### Task description
Could you transcribe all the entries exactly, omitting the pictures?

### Data shown
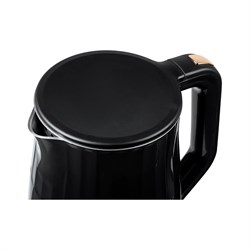 Электрический чайник Leonord le-1510 - фото 17128726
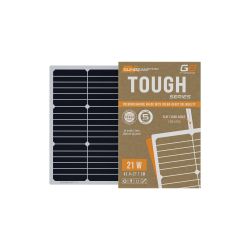 Sunbeam Systems TOUGH G8 21 W Flush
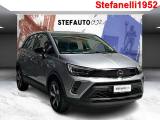 VENDO Auto a Bologna – foto 1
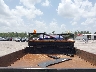 1GBJC74K39F****** Salvage and Repairable 2009 Chevrolet Silverado 3500hd Chassis in Florida State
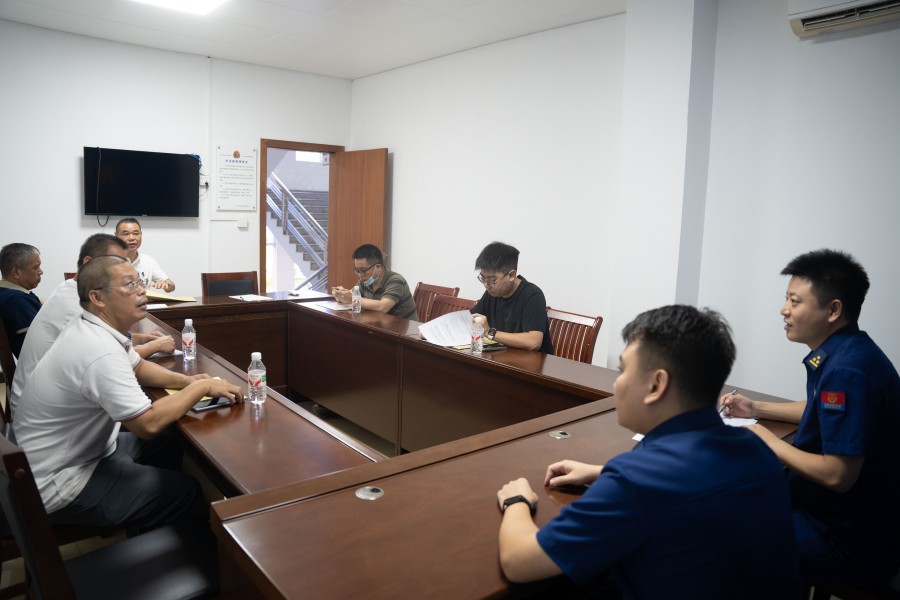 1760321648967164.jpg 图片 4.jpg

### Answer space
 Электрический чайник Leonord le-1510 - фото 17128726
 Sunbeam Systems TOUGH G8 21 W Flush
 VENDO Auto a Bologna – foto 1
 1GBJC74K39F****** Salvage and Repairable 2009 Chevrolet Silverado 3500hd Chassis in Florida State
 1760321648967164.jpg 图片 4.jpg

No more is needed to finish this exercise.